▶ WORK TASK: In the data below, reproduce everything exactly except the images.

▶ SUPPLIED DATA:
········

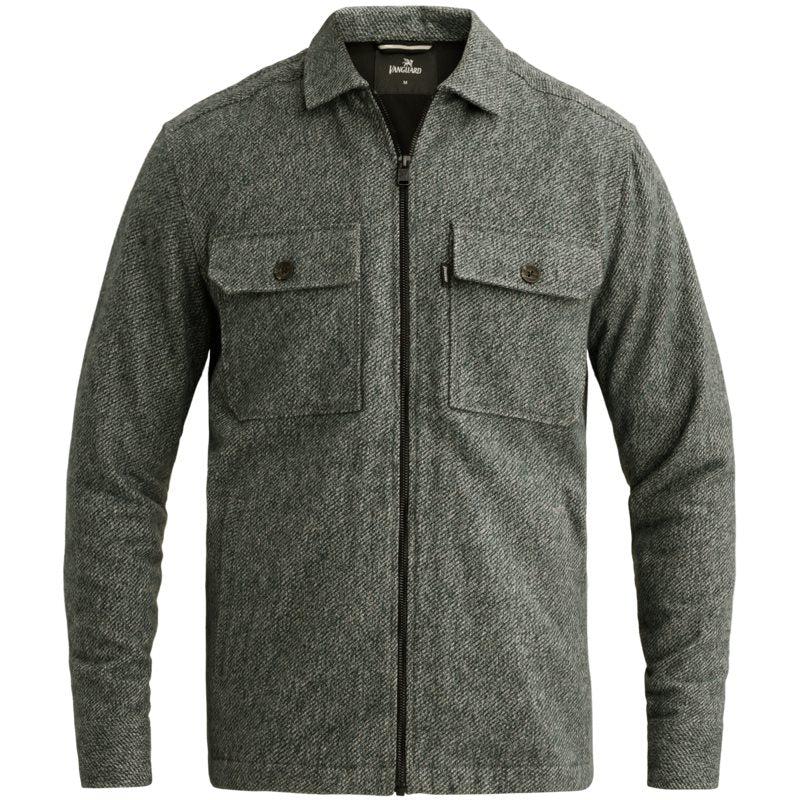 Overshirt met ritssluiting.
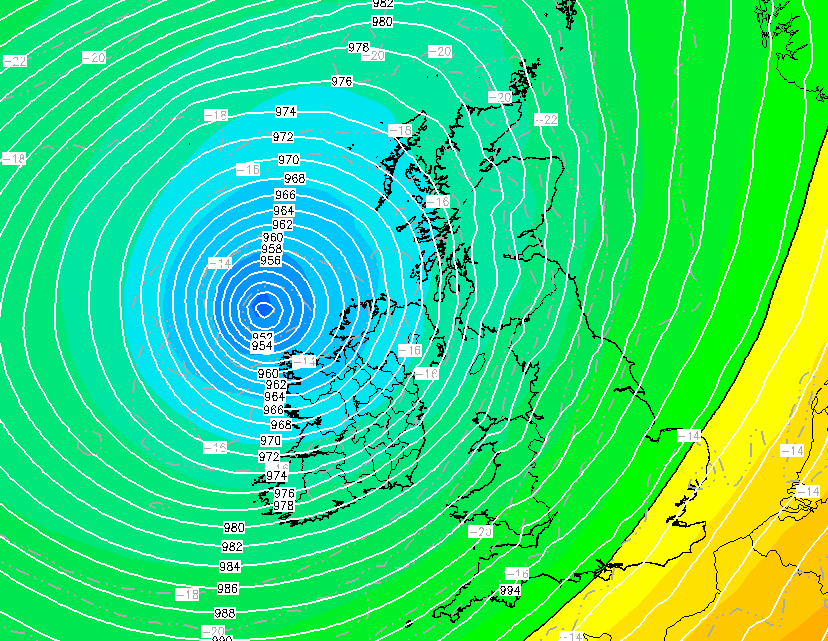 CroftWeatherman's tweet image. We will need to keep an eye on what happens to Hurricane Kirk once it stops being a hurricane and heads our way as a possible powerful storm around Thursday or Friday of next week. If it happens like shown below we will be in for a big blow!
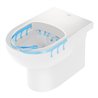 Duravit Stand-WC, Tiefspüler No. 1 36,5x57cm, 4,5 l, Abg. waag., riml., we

········

▶ ANSWER:
 Overshirt met ritssluiting.
 CroftWeatherman's tweet image. We will need to keep an eye on what happens to Hurricane Kirk once it stops being a hurricane and heads our way as a possible powerful storm around Thursday or Friday of next week. If it happens like shown below we will be in for a big blow!
 Duravit Stand-WC, Tiefspüler No. 1 36,5x57cm, 4,5 l, Abg. waag., riml., we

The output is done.